Take employee onboarding. The “create accounts” step gives the agent the provisioning tools and nothing destructive. Its “collect tax forms” step hands over a document-request tool and a validation tool, not the account tools from the step before. A later “schedule first-week training” step offers only a calendar tool. At no point does the agent see all of onboarding’s tools at once, so it can’t reach across steps and grab the wrong one, because the wrong ones aren’t in the room. The process did the narrowing the model couldn’t reliably do for itself, and it did it almost by accident, just by being a defined sequence of steps that each know their job.
And notice this isn’t a guardrails product or a new layer of policy to maintain. It’s a side effect of designing the work as a process in the first place. You scoped the tools because you defined the step, not because you bought a tool-restriction feature. That’s the same reason the established agent patterns all externalize structure instead of trusting the model to hold it, and the same reason an AI agent needs a workflow engine underneath it.
Scope the tools, not the model
What caught us off guard, watching agents work against real tool sets, was how cheerfully a model reaches for a near-neighbor and never signals doubt. There’s no hesitation in the output, no “I’m only 60 percent sure delete is right here.” It just calls the tool and moves on, which means you can’t catch the wrong pick by reading the agent’s confidence. You catch it by not offering the wrong tool in the first place.
“Won’t that limit what the agent can do?” is the reasonable objection, and the answer is no. It limits what the agent can do at any single step, which is the entire point.

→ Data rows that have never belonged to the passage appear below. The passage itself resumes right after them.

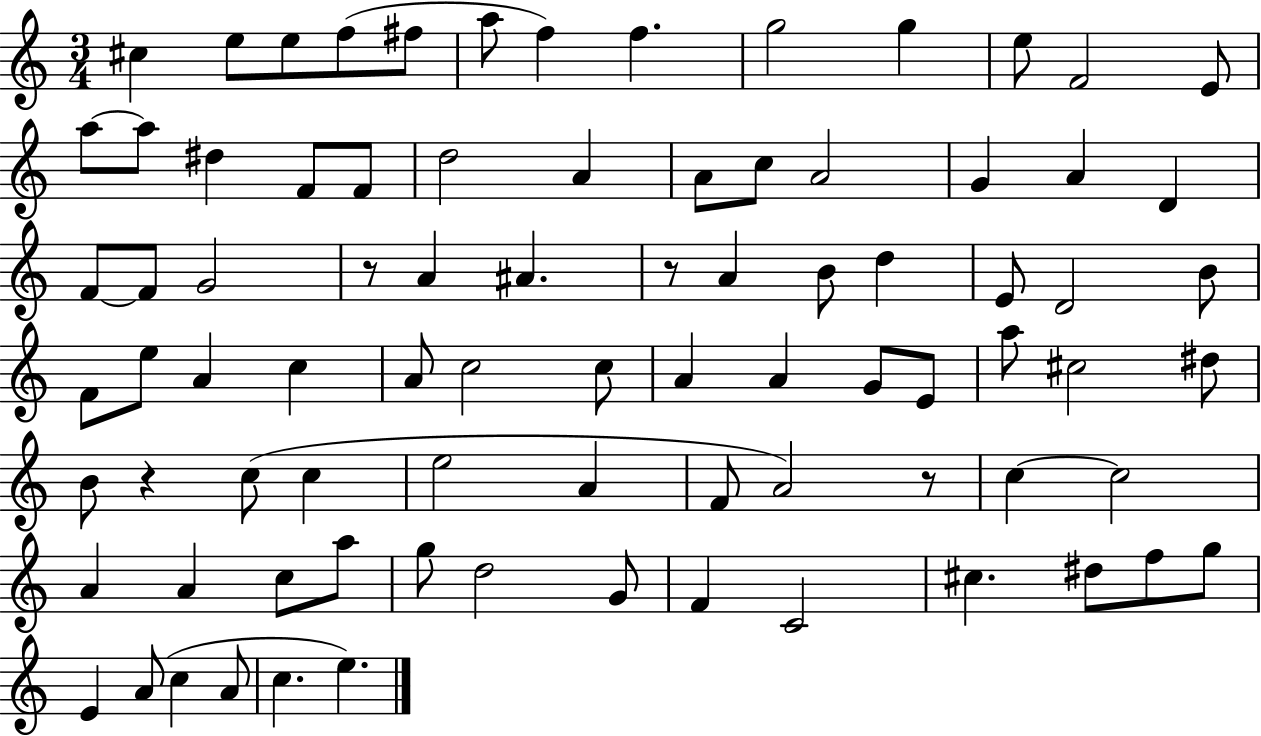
X:1
T:Untitled
M:3/4
L:1/4
K:C
^c e/2 e/2 f/2 ^f/2 a/2 f f g2 g e/2 F2 E/2 a/2 a/2 ^d F/2 F/2 d2 A A/2 c/2 A2 G A D F/2 F/2 G2 z/2 A ^A z/2 A B/2 d E/2 D2 B/2 F/2 e/2 A c A/2 c2 c/2 A A G/2 E/2 a/2 ^c2 ^d/2 B/2 z c/2 c e2 A F/2 A2 z/2 c c2 A A c/2 a/2 g/2 d2 G/2 F C2 ^c ^d/2 f/2 g/2 E A/2 c A/2 c e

Across the whole process the agent still touches every tool it needs, just never all at once. A surgeon has a full tray in the room and a focused set on the table for the incision in front of them. Nobody calls that a limitation. It’s how you avoid reaching for the wrong instrument mid-procedure, and an agent earns the same benefit from the same discipline.

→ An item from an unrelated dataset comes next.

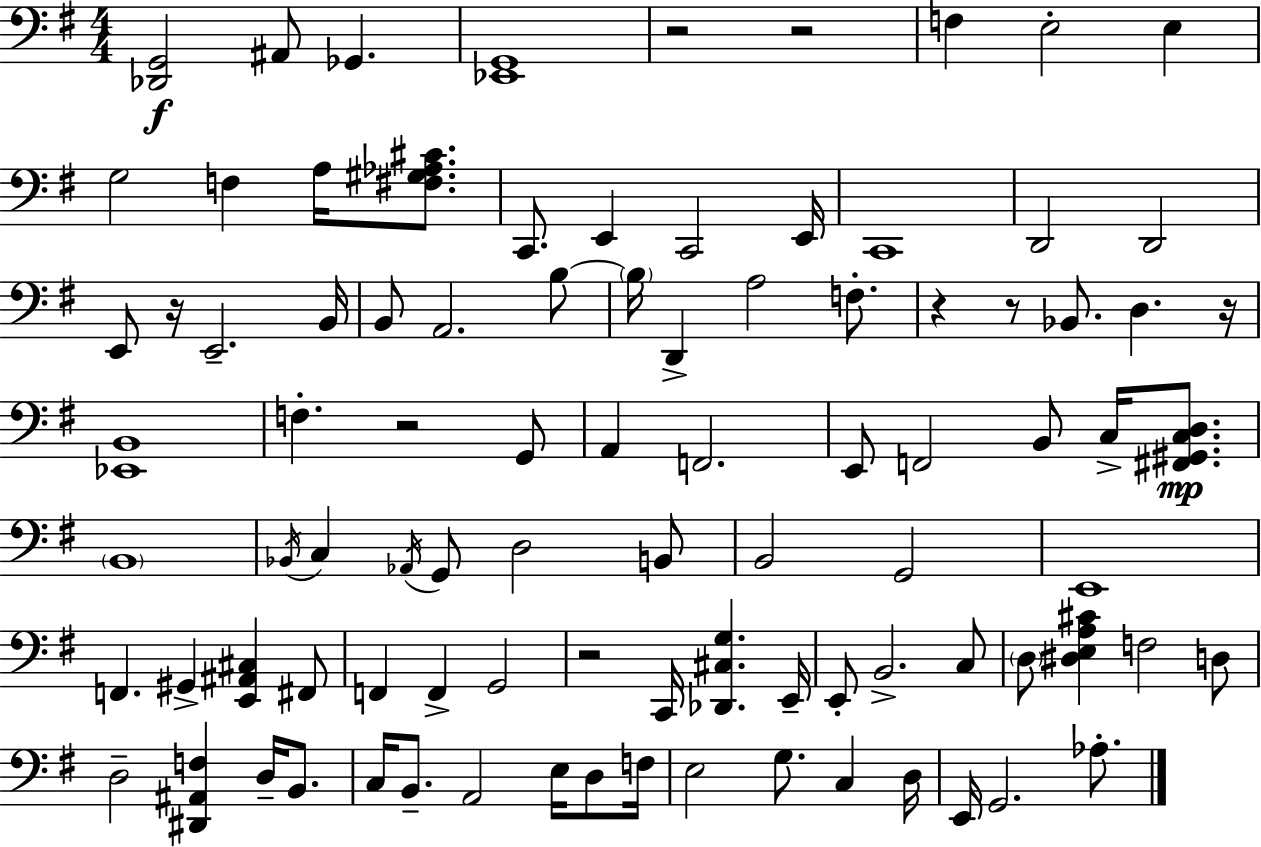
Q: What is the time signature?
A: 4/4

The thing is, this is the easiest reliability win on the whole list. You don’t have to retrain anything, evaluate anything, or wait for a better model. You just stop handing the agent a fifty-item menu for a three-item task. Define the steps, scope each step’s tools to its job, and the most common wrong-tool mistakes become impossible rather than merely unlikely.

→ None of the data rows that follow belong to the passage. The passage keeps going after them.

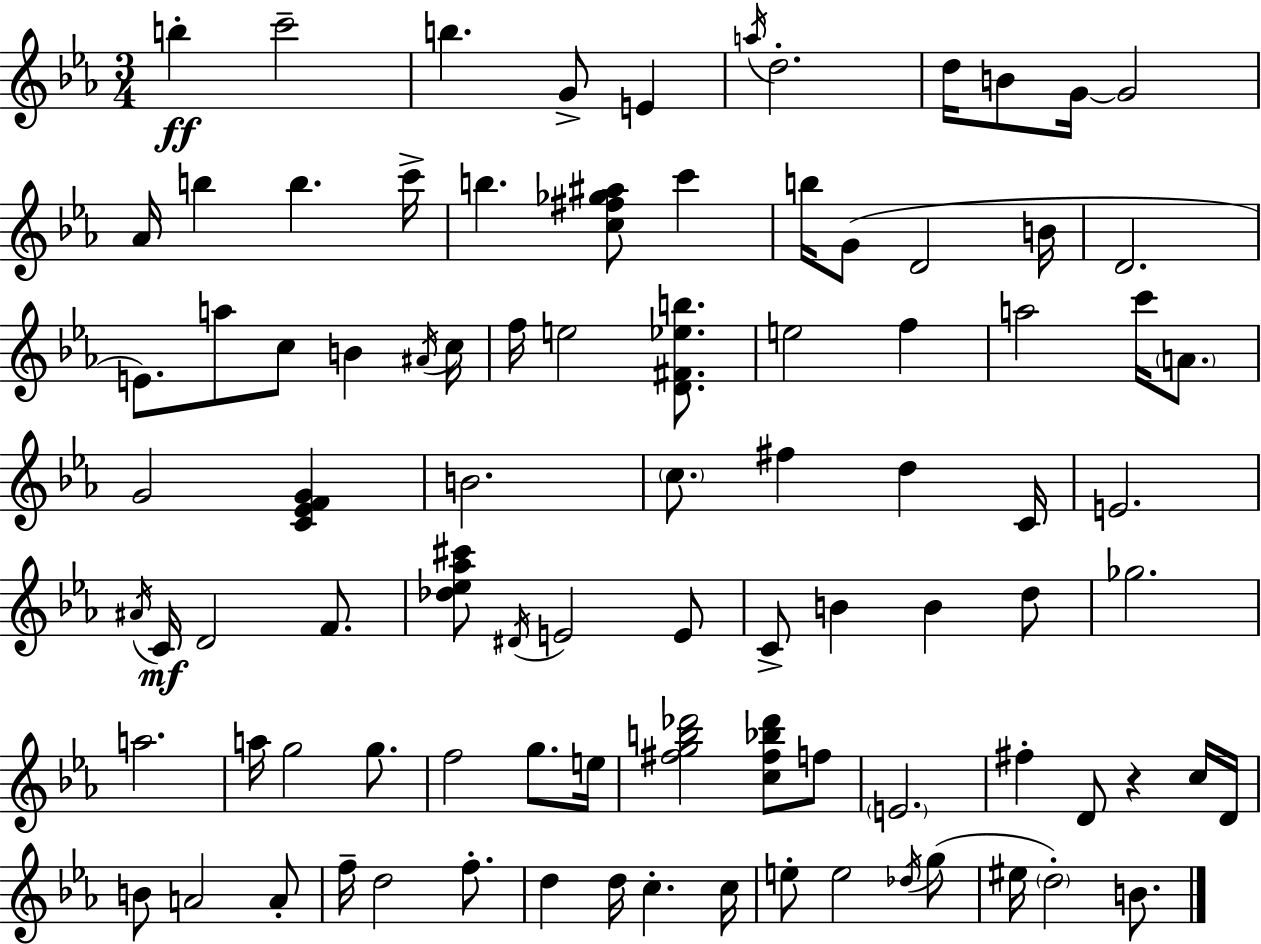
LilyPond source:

{
  \clef treble
  \numericTimeSignature
  \time 3/4
  \key c \minor
  b''4-.\ff c'''2-- | b''4. g'8-> e'4 | \acciaccatura { a''16 } d''2.-. | d''16 b'8 g'16~~ g'2 | \break aes'16 b''4 b''4. | c'''16-> b''4. <c'' fis'' ges'' ais''>8 c'''4 | b''16 g'8( d'2 | b'16 d'2. | \break e'8.) a''8 c''8 b'4 | \acciaccatura { ais'16 } c''16 f''16 e''2 <d' fis' ees'' b''>8. | e''2 f''4 | a''2 c'''16 \parenthesize a'8. | \break g'2 <c' ees' f' g'>4 | b'2. | \parenthesize c''8. fis''4 d''4 | c'16 e'2. | \break \acciaccatura { ais'16 }\mf c'16 d'2 | f'8. <des'' ees'' aes'' cis'''>8 \acciaccatura { dis'16 } e'2 | e'8 c'8-> b'4 b'4 | d''8 ges''2. | \break a''2. | a''16 g''2 | g''8. f''2 | g''8. e''16 <fis'' g'' b'' des'''>2 | \break <c'' fis'' bes'' des'''>8 f''8 \parenthesize e'2. | fis''4-. d'8 r4 | c''16 d'16 b'8 a'2 | a'8-. f''16-- d''2 | \break f''8.-. d''4 d''16 c''4.-. | c''16 e''8-. e''2 | \acciaccatura { des''16 } g''8( eis''16 \parenthesize d''2-.) | b'8. \bar "|."
}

And it compounds in your favor as the system grows. Add a new step later and you scope its tools to its job, the same as the rest. The agent never accumulates a sprawling all-access toolset, because no single step ever needed one. Compare that to the bolt-on approach, where every new capability widens the menu the model has to wrangle on every call, and reliability quietly erodes as the product gets more capable. Scoping by step means the thing gets more useful without getting harder to trust.
So before you wire an agent into a pile of MCP servers and turn it loose, count the tools it can see at the moment it has to choose. If that number is in the dozens, you’ve built the wrong-pick problem in by design. Narrow it to the few each step genuinely needs, and you’ve done more for reliability than any model upgrade will. That’s the unglamorous truth here: an agent does better with a shorter menu, the same as the rest of us.